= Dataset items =
Content starts

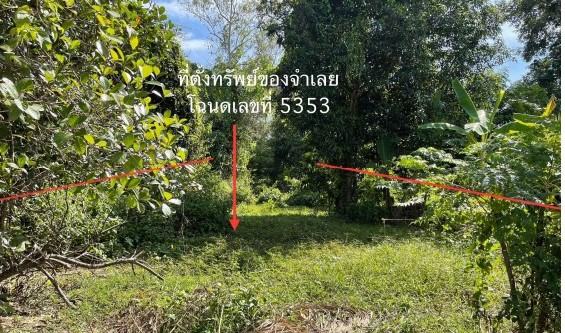 รูปที่ดินว่างเปล่า รัตนวาปี รัตนวาปี หนองคาย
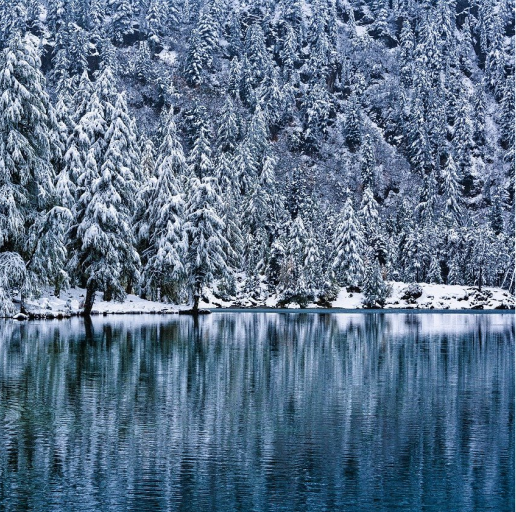 顾城 | 顾城诗里的朦胧美好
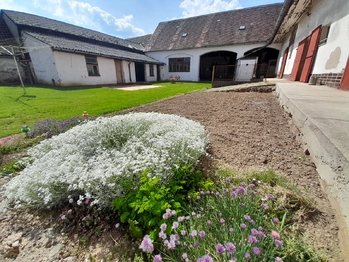 Prodej domu 165 m², Třebelovice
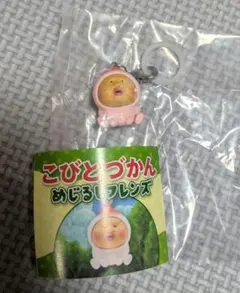 こびとづかん めじるしフレンズ カクレモモジリ　ガチャ　めじるし — image 1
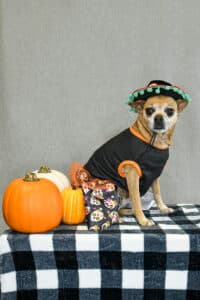 Halloween dog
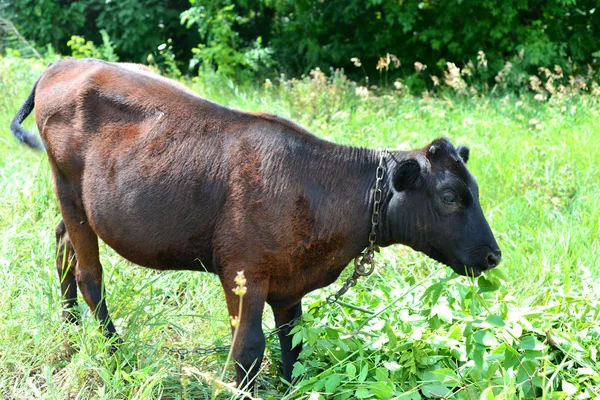 Vaca na relva — Fotografia de Stock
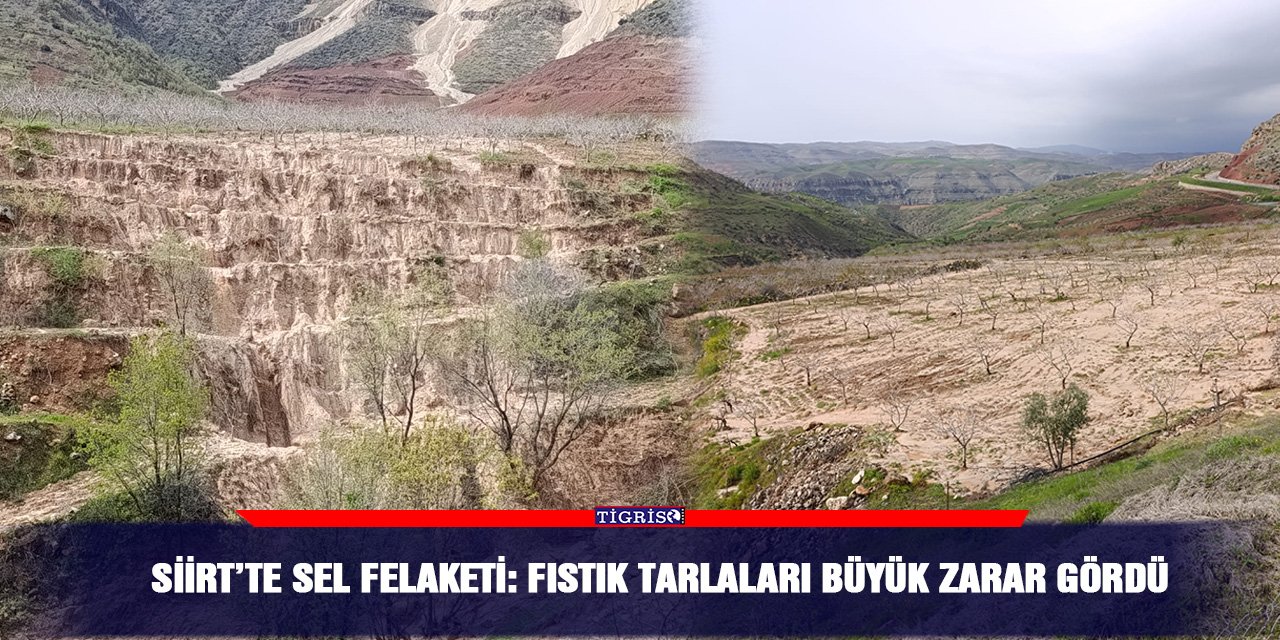 Siirt’te sel felaketi: Fıstık tarlaları büyük zarar gördü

Content ends

= WORK ORDER =
The lines from the one containing "Halloween dog" through the end of the data above are to be copied exactly, both ends included, and pictures are to be omitted.

= RESULT OF THIS EXERCISE =
 Halloween dog
 Vaca na relva — Fotografia de Stock
 Siirt’te sel felaketi: Fıstık tarlaları büyük zarar gördü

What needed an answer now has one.